_Input records:_
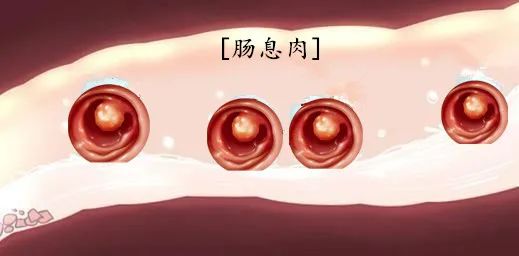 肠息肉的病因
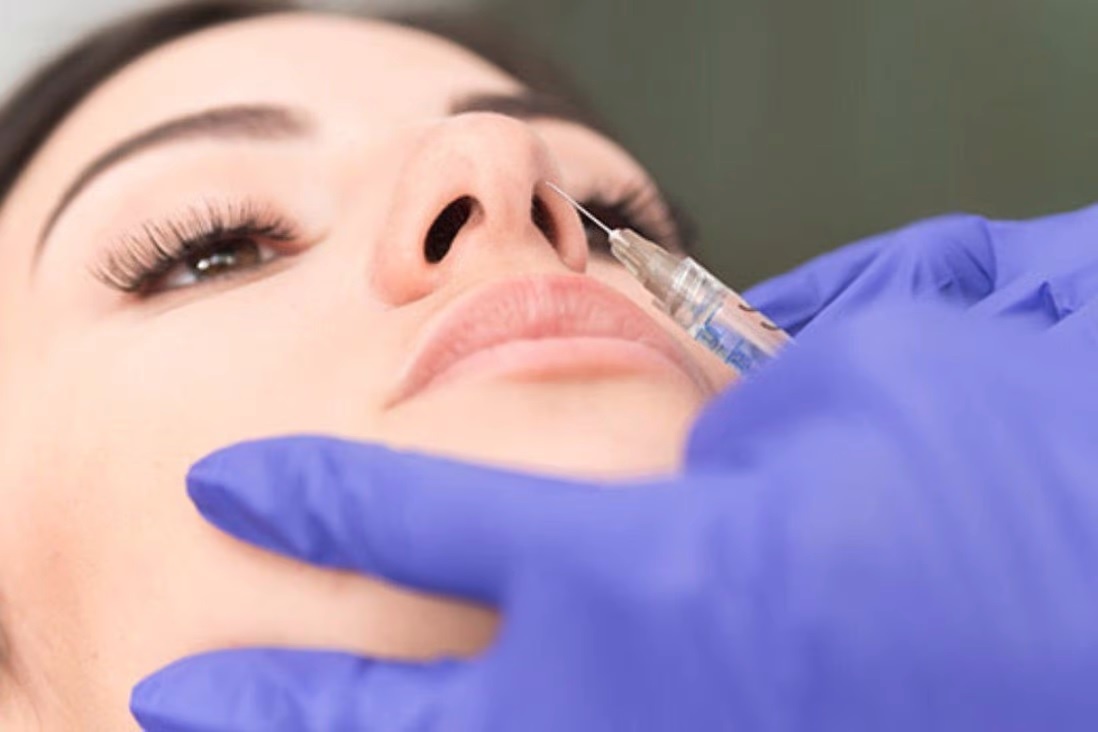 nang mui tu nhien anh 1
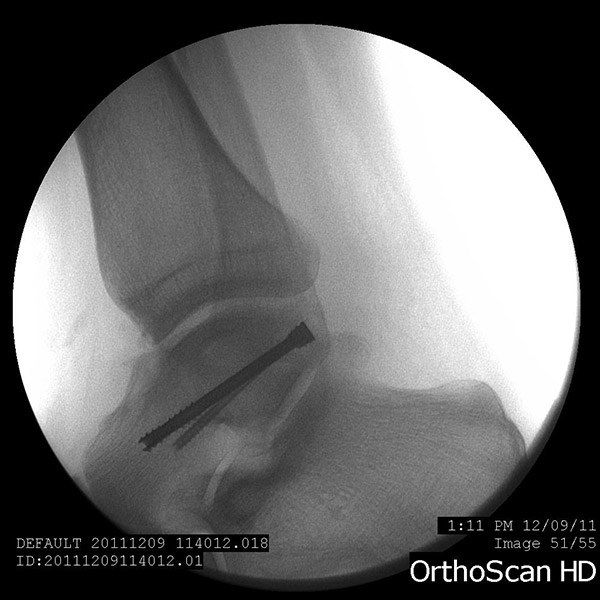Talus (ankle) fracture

--

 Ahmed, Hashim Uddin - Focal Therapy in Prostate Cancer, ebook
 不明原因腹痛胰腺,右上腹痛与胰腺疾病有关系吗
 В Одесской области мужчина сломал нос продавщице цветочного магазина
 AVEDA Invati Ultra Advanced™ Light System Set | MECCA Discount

_Task requirements:_
Taking the line with "不明原因腹痛胰腺,右上腹痛与胰腺疾病有关系吗" as the first and the line with "AVEDA Invati Ultra" as the last, retype that stretch of the data above exactly, with no other lines.

_Solution to the problem:_
 不明原因腹痛胰腺,右上腹痛与胰腺疾病有关系吗
 В Одесской области мужчина сломал нос продавщице цветочного магазина
 AVEDA Invati Ultra Advanced™ Light System Set | MECCA Discount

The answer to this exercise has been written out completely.